# Material provided
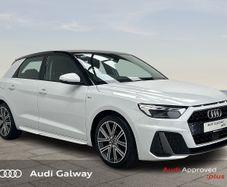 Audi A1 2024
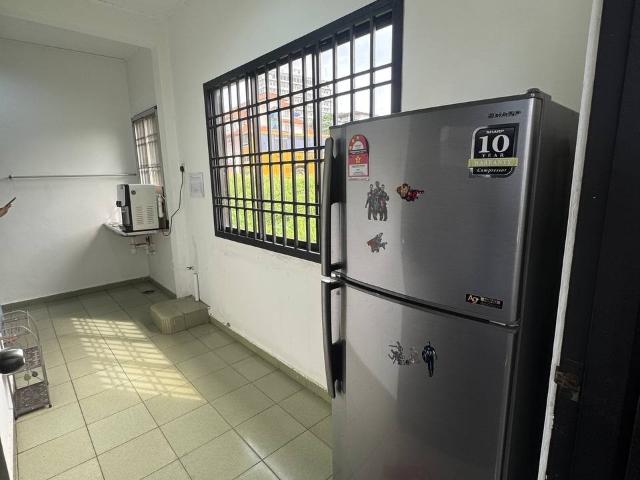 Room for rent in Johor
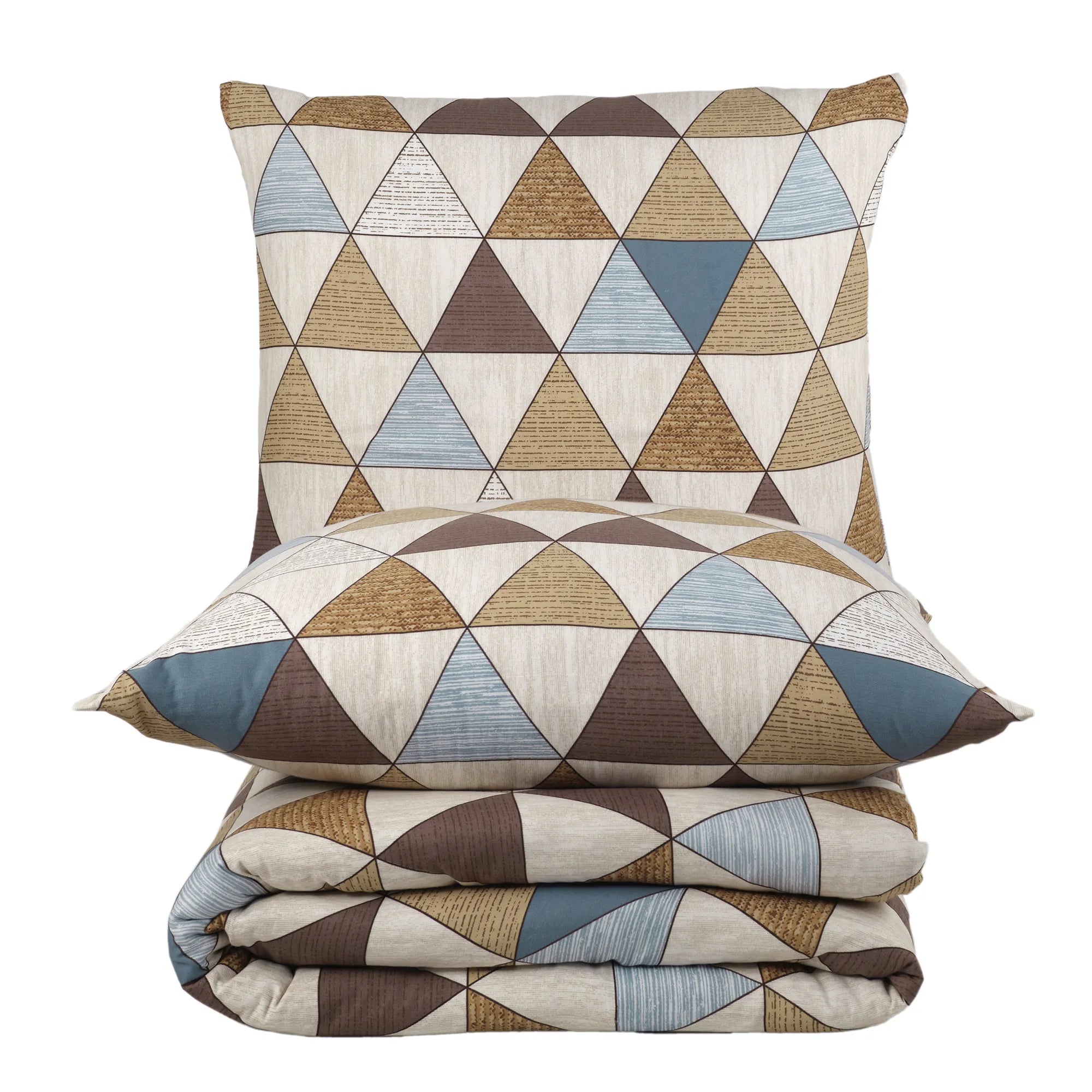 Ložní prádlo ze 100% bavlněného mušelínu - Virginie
--
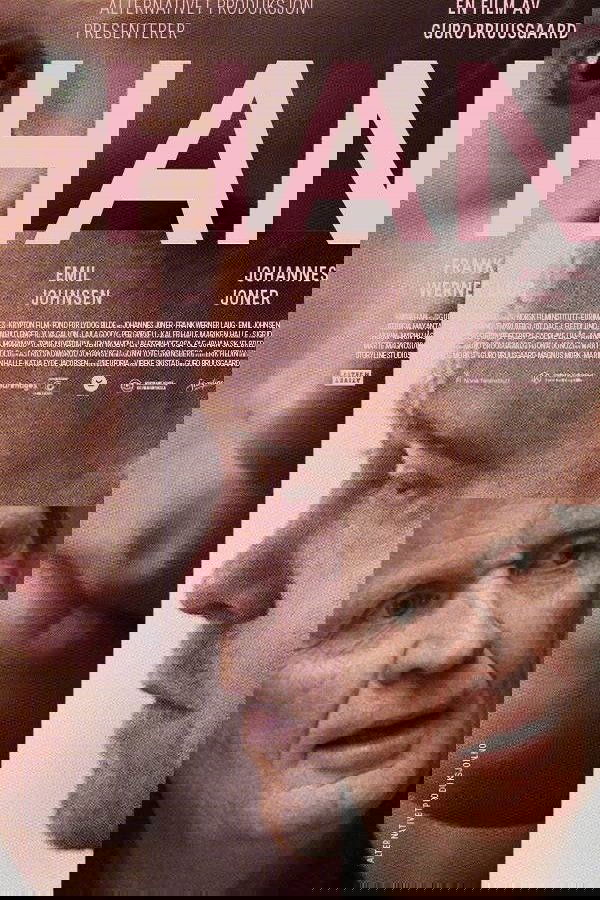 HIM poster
--
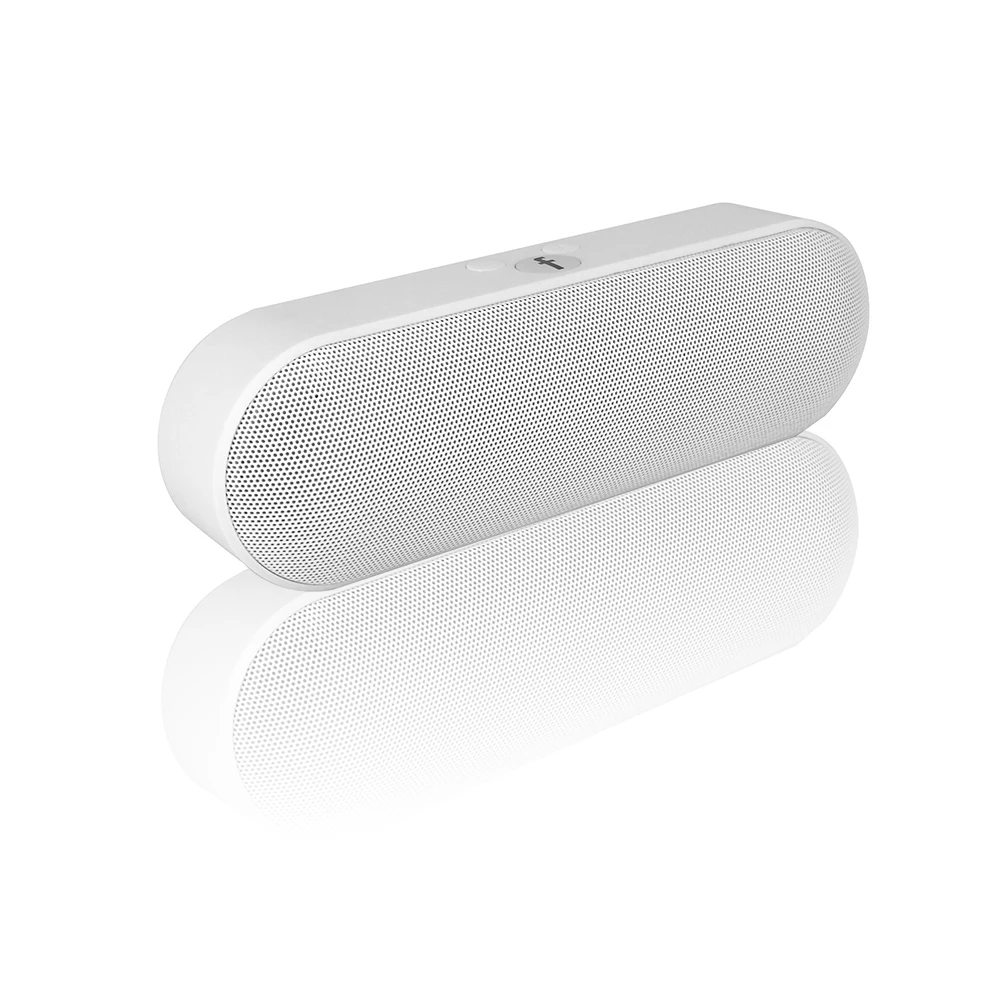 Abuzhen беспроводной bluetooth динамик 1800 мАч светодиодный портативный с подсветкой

# Activity
Exact copy, pictures excluded: from the line with "Room for rent in Johor" up to and including the line with "Ložní prádlo ze" in the data above.

# Answer to the problem
 Room for rent in Johor
 Ložní prádlo ze 100% bavlněného mušelínu - Virginie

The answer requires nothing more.